In our article on Jewish traditions for death, burial, and mourning, we note that in Jewish law, a cemetery is a holy place more sacred even than a synagogue, and that the care of cemeteries is an essential religious and social responsibility. Care of the old Jewish cemetery in Rohatyn is a primary concern of the Rohatyn Jewish Heritage program. Residents of Rohatyn respect all burial sites, but with no living local Jewish community in Rohatyn today, there are few nearby resources available for care on the scale the site needs. The size of the cemetery (roughly one hectare, or about 2.5 acres) means that even simple maintenance, let alone major rehabilitation, scales too large for occasional remedial work.
The old cemetery is also the site of another important memory project we are managing in Rohatyn: it is currently the collecting point for Jewish headstones broken and stolen from the cemeteries during the Nazi occupation, now recovered from streets, walkways, building foundations, and private gardens in Rohatyn due to ongoing efforts by townspeople and descendants of Rohatyn Jewish families, and brought to the old cemetery for documentation, treatment, and display. This related effort is described in the Jewish Headstone Recovery Project on this website.

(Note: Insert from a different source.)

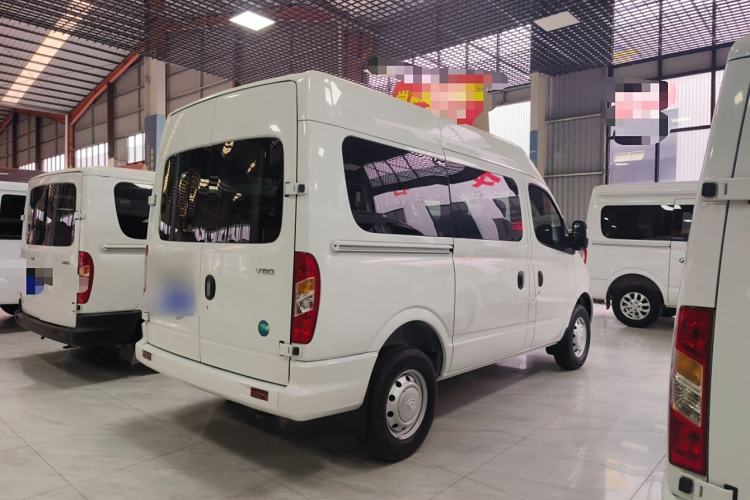 Used SAIC MAXUS Xintu V80 2024 Aotuntong Value Edition 6MT Short Wheelbase Mid-Height Roof 127 Ps 5/6 Seats Exterior 3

The goals of the Old Jewish Cemetery Rehabilitation Project are to:
- clean and clear the cemetery of unwanted vegetation and refuse
- survey the site to document visible and hidden fixed memorial markers
- develop the landscape to reduce annual maintenance effort and cost
- create and install directional signage to lead visitors to the site, and informational signage to explain the history and heritage
- create an enduring place to protect and display Jewish headstone fragments from around Rohatyn, inviting townspeople and visitors to study and learn from them, perhaps even to reunite fragments
- create a place of respect and contemplation about the Jewish past of Rohatyn
As described below, progress has already been made on this project, beginning with a week-long volunteer cleaning and clearing event in 2018 and now continuing with additional volunteer events in 2019. We anticipate that the project will gain a significant boost in planning, design, and expert advice thanks to a Fulbright Program research grant awarded to Rohatyn Jewish Heritage president Marla Raucher Osborn for the 2019~2020 academic year, with specific focus on the old Jewish cemetery. As for our other projects, all RJH efforts will proceed with the continuing involvement of the Rohatyn city office and the office of the Rabbi of Ivano-Frankivsk.
Clearing and Cleaning the Grounds
Clearing and cleaning the cemetery grounds continues to be an essential component of the project; it aids in the assessment of soil conditions, in locating fixed and loose headstones and fragments, and in retarding decay of the site. Clearing and cleaning focuses on the removal of unwanted fast-growing and woody shrubs and trees, as well as the removal of accumulations of debris such as glass, metal, plastic, loose rocks, and garbage. The clearing process has already revealed hidden headstones, grave covers, and the base stumps of broken headstones.
In 2018 we partnered with our friends The Matzevah Foundation (TMF), an experienced US-based cemetery rehabilitation organization which has led volunteer projects clearing and restoring Jewish cemeteries of Poland since 2005, to plan, purchase tools for, and conduct a major vegetation-clearing volunteer event at Rohatyn’s old Jewish cemetery in the summer. Together with several Ukrainian volunteers plus the considerable mind and muscle of many Peace Corps Volunteers (PCVs) serving in Ukraine, a first-pass clearing of more than 80% of the cemetery was completed; further progress was made in subsequent one-day efforts with Ukrainian and Swedish volunteers plus PCVs. Our strategy is now focused on annual grass and shrub mowing plus aggressive trimming of stumps (of trees and woody shrubs) flush to the ground; a series of events with PCVs and international volunteers in 2019 continues that effort.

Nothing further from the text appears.